* [Data listing]
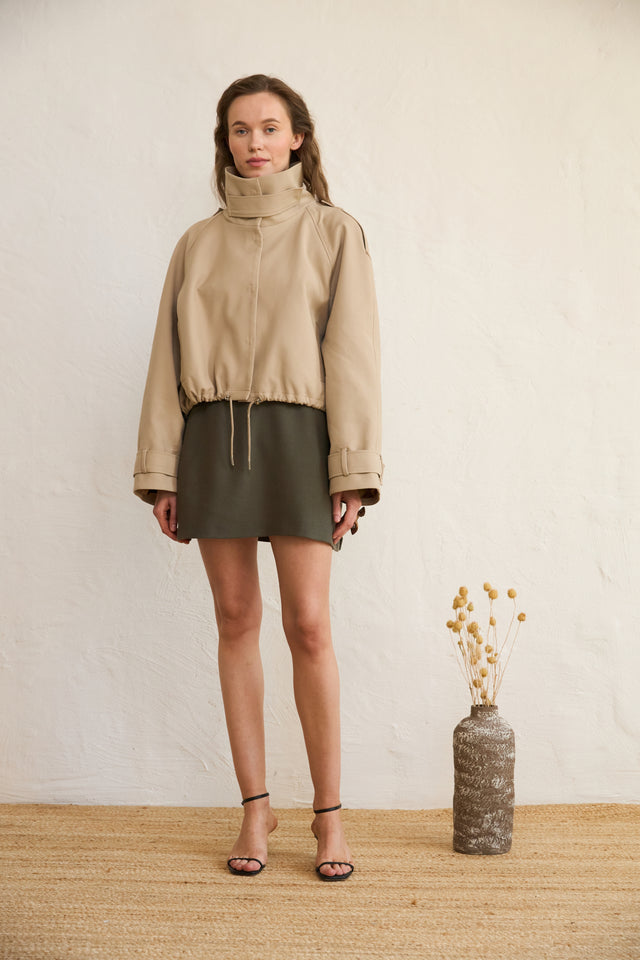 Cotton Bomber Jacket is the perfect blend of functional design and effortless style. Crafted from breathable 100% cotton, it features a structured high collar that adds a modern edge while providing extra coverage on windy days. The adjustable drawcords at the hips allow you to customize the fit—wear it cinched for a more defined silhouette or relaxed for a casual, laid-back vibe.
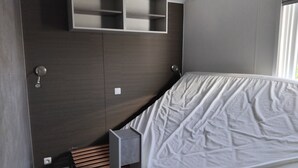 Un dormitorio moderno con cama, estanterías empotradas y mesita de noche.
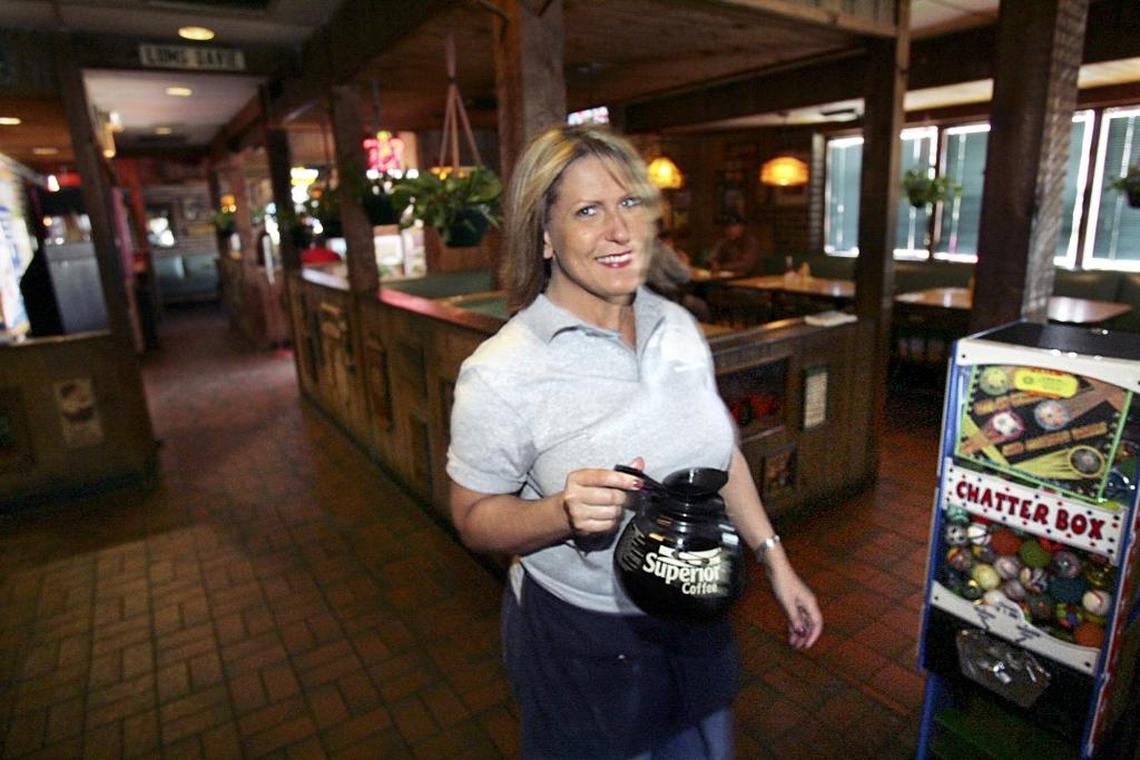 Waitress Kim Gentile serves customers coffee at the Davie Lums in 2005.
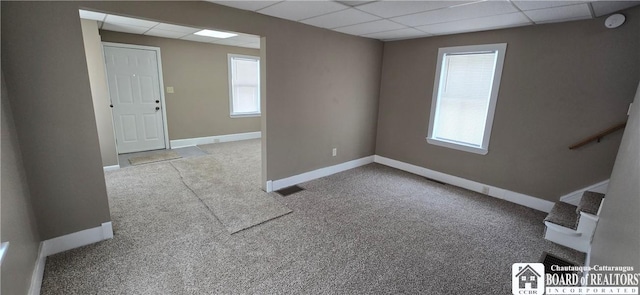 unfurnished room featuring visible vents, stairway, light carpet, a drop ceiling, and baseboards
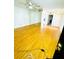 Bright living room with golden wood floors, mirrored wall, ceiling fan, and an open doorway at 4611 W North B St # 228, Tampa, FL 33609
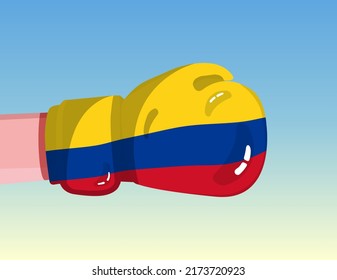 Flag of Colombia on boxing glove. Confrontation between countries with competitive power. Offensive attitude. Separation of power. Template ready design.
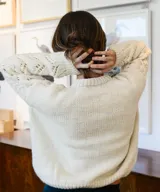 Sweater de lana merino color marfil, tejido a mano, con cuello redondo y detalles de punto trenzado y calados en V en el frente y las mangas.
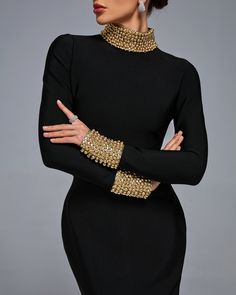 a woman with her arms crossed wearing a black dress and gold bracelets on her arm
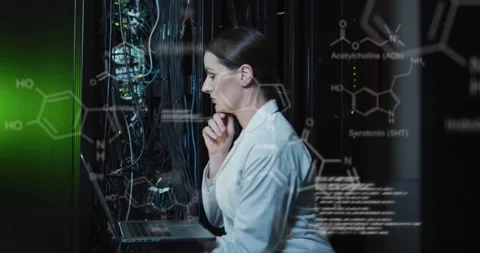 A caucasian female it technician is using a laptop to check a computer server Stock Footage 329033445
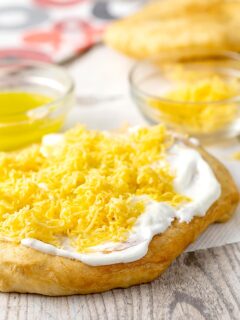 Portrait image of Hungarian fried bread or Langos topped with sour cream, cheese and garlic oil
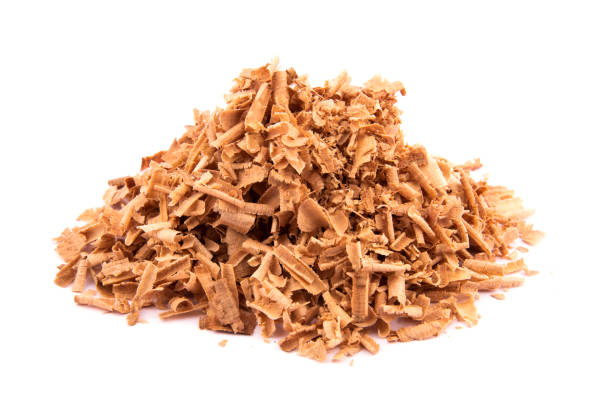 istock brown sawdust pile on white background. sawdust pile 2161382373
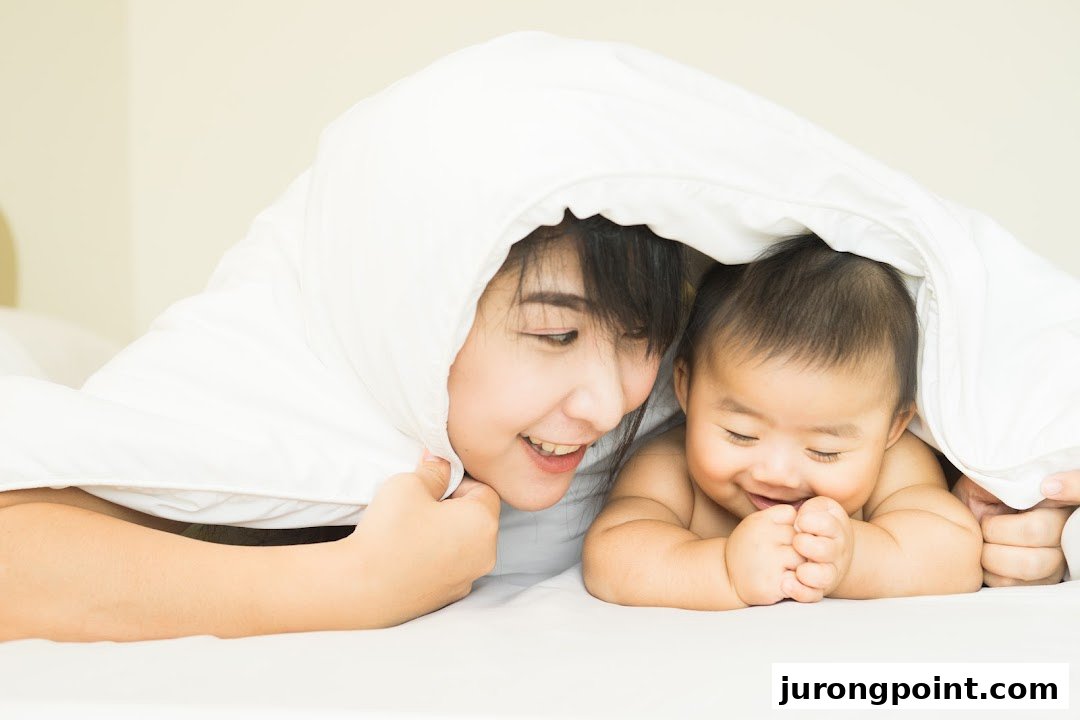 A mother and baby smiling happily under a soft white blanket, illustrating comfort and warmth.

* [The task]
The response should contain every record above exactly as written, and none of the pictures.

* [Exercise response]
 Cotton Bomber Jacket is the perfect blend of functional design and effortless style. Crafted from breathable 100% cotton, it features a structured high collar that adds a modern edge while providing extra coverage on windy days. The adjustable drawcords at the hips allow you to customize the fit—wear it cinched for a more defined silhouette or relaxed for a casual, laid-back vibe.
 Un dormitorio moderno con cama, estanterías empotradas y mesita de noche.
 Waitress Kim Gentile serves customers coffee at the Davie Lums in 2005.
 unfurnished room featuring visible vents, stairway, light carpet, a drop ceiling, and baseboards
 Bright living room with golden wood floors, mirrored wall, ceiling fan, and an open doorway at 4611 W North B St # 228, Tampa, FL 33609
 Flag of Colombia on boxing glove. Confrontation between countries with competitive power. Offensive attitude. Separation of power. Template ready design.
 Sweater de lana merino color marfil, tejido a mano, con cuello redondo y detalles de punto trenzado y calados en V en el frente y las mangas.
 a woman with her arms crossed wearing a black dress and gold bracelets on her arm
 A caucasian female it technician is using a laptop to check a computer server Stock Footage 329033445
 Portrait image of Hungarian fried bread or Langos topped with sour cream, cheese and garlic oil
 istock brown sawdust pile on white background. sawdust pile 2161382373
 A mother and baby smiling happily under a soft white blanket, illustrating comfort and warmth.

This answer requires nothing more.